Nachrichtenmagazine wie "Der Spiegel" und Focus übernahmen die Argumentation von Gauweiler und Co. Sie bezeichneten die Ausstellung fortan nur noch als »umstritten« und versuchten, deren Seriösität in Zweifel zu ziehen. Im Nacken saßen ihnen dabei Teile ihrer LeserInnenschaft, Ex-Generäle wie der rechte Reinhard Uhle-Wettler, Ex-Journalisten wie der Panorama-Gründer Rüdiger Proske, Teile der Bundeswehrführung sowie der Soldaten-und Vertriebenenverbände.

So war der gesellschaftliche Boden für den größten Neonaziaufmarsch nach 1970 bereitet. 5.000 Neonazis, mobilisiert von NPD/JN und den Strukturen der verbotenen militanten Neonaziorganisationen marschierten unter Parolen wie »Unsere Väter waren keine Verbrecher« am 1. März 1997 durch die bayerische Landeshauptstadt.
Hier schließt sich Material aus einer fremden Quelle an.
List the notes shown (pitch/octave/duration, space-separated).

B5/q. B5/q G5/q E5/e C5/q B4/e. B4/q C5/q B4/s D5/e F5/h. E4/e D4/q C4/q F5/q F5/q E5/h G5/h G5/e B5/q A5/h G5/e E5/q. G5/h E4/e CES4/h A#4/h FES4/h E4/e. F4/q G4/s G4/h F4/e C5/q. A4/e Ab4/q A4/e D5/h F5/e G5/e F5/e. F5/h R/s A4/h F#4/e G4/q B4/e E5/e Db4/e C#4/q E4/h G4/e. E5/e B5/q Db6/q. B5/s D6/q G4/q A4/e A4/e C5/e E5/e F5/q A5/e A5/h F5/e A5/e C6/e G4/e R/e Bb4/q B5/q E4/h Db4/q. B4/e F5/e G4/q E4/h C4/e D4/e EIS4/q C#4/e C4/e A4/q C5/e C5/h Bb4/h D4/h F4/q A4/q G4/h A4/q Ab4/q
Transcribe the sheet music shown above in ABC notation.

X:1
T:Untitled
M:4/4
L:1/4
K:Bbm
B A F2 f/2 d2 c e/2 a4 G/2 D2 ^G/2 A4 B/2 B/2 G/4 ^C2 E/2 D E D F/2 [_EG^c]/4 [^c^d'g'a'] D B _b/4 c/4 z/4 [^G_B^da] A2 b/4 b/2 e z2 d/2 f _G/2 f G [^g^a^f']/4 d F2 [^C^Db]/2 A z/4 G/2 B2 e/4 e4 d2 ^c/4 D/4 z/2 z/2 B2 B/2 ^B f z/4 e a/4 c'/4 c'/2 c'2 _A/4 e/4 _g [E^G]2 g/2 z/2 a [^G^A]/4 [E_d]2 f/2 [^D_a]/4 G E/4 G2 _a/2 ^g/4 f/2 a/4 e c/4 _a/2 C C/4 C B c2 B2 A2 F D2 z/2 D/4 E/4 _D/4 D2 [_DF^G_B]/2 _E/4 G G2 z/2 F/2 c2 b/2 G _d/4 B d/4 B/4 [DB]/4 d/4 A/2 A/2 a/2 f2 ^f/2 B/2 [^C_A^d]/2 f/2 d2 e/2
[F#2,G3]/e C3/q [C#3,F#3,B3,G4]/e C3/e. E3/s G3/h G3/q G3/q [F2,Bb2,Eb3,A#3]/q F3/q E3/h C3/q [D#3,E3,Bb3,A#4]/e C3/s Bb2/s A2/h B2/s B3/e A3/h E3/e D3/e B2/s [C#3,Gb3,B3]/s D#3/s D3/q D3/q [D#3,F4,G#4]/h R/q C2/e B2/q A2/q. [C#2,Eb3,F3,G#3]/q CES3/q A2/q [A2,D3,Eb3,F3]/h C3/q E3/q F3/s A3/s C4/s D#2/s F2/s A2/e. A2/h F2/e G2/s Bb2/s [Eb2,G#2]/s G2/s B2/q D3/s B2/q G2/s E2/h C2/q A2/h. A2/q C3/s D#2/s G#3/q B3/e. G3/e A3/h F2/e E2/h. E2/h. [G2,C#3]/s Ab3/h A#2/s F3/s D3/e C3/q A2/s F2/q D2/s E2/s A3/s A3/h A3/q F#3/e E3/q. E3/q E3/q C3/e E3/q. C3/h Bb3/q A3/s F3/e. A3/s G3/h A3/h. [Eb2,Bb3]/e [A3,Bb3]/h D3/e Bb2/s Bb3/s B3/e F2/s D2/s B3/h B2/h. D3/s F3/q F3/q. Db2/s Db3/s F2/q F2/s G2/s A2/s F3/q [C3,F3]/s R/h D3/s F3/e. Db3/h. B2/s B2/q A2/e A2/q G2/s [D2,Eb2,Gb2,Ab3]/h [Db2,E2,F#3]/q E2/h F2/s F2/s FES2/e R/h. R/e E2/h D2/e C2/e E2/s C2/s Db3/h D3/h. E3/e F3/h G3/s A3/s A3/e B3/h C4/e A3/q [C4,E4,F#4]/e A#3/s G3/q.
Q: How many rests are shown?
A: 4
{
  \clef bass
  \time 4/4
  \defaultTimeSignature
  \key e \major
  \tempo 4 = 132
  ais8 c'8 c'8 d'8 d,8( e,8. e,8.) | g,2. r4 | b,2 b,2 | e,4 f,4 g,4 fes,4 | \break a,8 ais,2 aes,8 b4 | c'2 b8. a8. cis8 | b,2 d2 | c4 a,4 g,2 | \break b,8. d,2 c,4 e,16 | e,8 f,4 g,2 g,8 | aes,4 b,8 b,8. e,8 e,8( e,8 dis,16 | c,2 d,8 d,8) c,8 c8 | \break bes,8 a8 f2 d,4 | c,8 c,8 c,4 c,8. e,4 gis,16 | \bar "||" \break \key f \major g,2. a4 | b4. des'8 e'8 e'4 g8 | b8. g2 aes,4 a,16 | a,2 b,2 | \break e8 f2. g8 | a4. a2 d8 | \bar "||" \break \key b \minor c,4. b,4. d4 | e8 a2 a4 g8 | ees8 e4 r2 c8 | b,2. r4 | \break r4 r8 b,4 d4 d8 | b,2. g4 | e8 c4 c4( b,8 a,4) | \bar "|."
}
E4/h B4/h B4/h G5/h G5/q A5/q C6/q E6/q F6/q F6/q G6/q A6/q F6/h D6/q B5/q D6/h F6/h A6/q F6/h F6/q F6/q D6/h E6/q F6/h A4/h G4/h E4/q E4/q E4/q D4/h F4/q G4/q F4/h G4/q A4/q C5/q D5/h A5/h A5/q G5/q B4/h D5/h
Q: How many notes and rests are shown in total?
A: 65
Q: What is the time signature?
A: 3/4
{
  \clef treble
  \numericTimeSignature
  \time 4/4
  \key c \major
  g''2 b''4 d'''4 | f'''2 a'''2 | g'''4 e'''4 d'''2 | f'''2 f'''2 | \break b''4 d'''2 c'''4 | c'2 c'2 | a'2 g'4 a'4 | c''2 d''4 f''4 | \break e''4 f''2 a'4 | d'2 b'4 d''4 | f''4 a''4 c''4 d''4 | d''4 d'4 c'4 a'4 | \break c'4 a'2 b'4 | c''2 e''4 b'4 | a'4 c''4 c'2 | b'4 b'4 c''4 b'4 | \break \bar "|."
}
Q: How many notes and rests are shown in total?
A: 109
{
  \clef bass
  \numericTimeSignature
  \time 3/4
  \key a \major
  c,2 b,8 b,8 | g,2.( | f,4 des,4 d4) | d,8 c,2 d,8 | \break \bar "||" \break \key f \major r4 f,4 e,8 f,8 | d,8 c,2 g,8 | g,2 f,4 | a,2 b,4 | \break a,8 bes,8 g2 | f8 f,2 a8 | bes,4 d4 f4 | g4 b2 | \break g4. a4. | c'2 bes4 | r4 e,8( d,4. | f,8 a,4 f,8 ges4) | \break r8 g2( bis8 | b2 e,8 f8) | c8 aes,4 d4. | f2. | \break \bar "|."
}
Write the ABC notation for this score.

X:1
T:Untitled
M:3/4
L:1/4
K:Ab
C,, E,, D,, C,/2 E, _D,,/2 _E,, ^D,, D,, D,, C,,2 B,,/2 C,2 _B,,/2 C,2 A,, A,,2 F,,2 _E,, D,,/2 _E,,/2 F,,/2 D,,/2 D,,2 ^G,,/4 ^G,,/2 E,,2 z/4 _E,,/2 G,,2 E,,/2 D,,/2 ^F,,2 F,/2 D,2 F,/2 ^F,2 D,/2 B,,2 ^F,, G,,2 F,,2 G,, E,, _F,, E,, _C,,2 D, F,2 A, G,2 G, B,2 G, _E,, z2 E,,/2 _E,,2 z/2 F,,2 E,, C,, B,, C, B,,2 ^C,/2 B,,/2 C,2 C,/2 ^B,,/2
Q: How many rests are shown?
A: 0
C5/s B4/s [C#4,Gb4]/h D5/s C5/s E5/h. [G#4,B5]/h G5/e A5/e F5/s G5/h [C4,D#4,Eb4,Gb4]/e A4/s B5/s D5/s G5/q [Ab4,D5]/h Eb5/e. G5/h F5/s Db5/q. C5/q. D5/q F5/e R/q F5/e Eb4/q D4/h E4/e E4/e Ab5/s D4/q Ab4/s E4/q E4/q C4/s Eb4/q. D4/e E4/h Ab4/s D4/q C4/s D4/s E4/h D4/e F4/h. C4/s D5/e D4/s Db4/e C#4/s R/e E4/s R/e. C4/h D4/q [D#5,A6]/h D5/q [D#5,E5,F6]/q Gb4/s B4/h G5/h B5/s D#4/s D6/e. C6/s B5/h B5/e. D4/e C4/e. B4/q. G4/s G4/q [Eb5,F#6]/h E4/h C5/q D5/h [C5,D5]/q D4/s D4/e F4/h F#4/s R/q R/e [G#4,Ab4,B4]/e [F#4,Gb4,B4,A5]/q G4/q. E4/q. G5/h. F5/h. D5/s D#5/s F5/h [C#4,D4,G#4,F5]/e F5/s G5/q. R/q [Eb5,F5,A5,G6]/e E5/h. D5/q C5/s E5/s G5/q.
Im Rückblick muß dieser Aufmarsch als der Startschuß für die Re-Etablierung der NPD als stärkste legale neonazistische Organisation in Deutschland gewertet werden. Mit der Kampagne gegen die Ausstellung wurden die üblichen ideologischen Grabenkämpfe im rechten und neonazistischen Lager umgangen; Geschichtsleugnung wurde unter dem NPD-Vorsitzenden Udo Voigt zum einheitsstiftenden Thema gewählt. Mit dem Münchener Aufmarsch hatte die NPD zudem deutlich gezeigt, daß sie - in Abkehr ihrer bis dahin geltenden Strategie - fortan auch die Straße als ihr »Kampfterrain« wählen würde. Ohne die Demonstration in München wäre die NPD möglicherweise noch immer die verstaubte Neonazi Hinterzimmerpartei der frühen neunziger Jahre.

Die Mitte und der Rand

Die Kampagne gegen die Ausstellung wäre ohne die Rückendeckung der CSU und führender CDU-Vertreter wie des Ex-Verteidigungsministers Gerhard Stoltenberg (CDU) sowie des bis Dezember 1998 amtierenden Verteidigungsministers Volker Rühe (CDU) nicht möglich gewesen.

Aber auch die SPD hat sich keineswegs eindeutig für die Aufklärung über die Verbrechen der Wehrmacht ausgesprochen. So erklärte Bundeskanzler Gerhard Schröder in einein Interview mit dem französischen Publizisten Bernard Henri Lévy für Le Monde auf die Frage, ob er die Ausstellung gesehen habe: »Ich habe sie ebenfalls nicht gesehen. Aber ich kann es nicht zulassen, daß man sagt, eine Armee habe in ihrer Mehrheit derartige Verbrechen begehen können.« 1 Und Rühes Nachfolger Rudolf Scharping hält weiterhin an dem Erlaß fest, daß Bundeswehrangehörige die Ausstellung allenfalls als Privatpersonen und nur in Zivil besuchen dürfen.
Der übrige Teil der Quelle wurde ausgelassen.